START Data extract
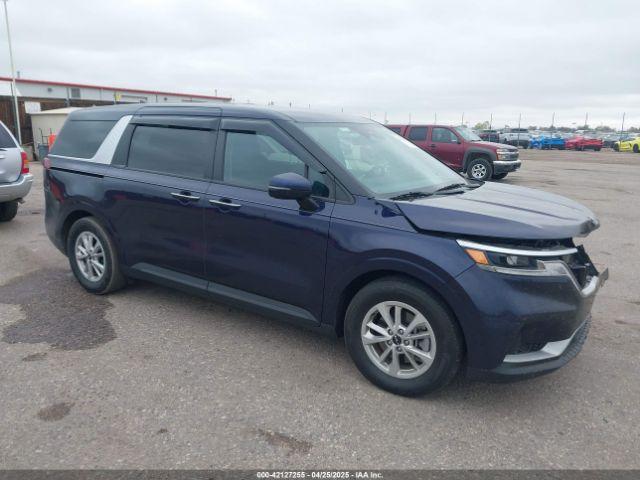  Salvage Kia Carnival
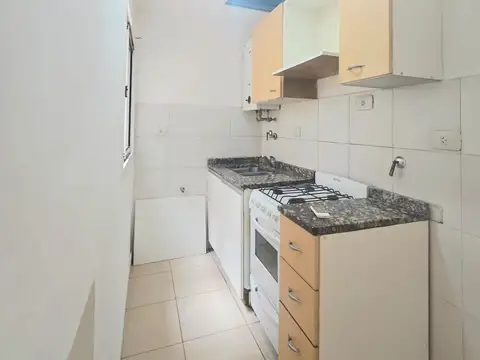 Departamento en Alquiler en Republica De La Sexta, $ 390.000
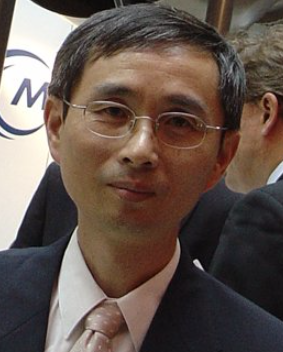 Jun Hu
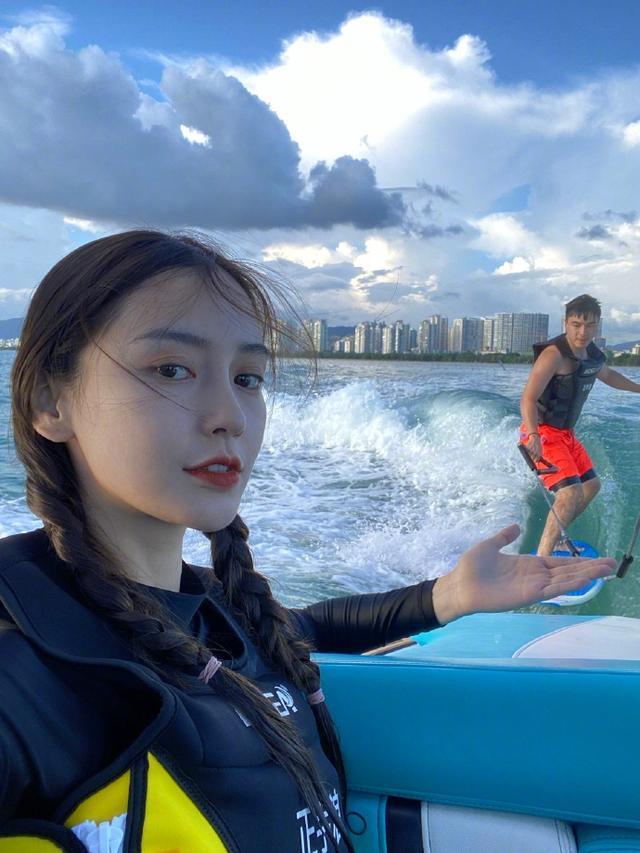 认真的女孩最美angelababy冲浪翻车现场掉进海里也不忘比心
END Data extract
Task statement – What is needed is a word-for-word copy of the data, minus its pictures.

Written reply –
  Salvage Kia Carnival
 Departamento en Alquiler en Republica De La Sexta, $ 390.000
 Jun Hu
 认真的女孩最美angelababy冲浪翻车现场掉进海里也不忘比心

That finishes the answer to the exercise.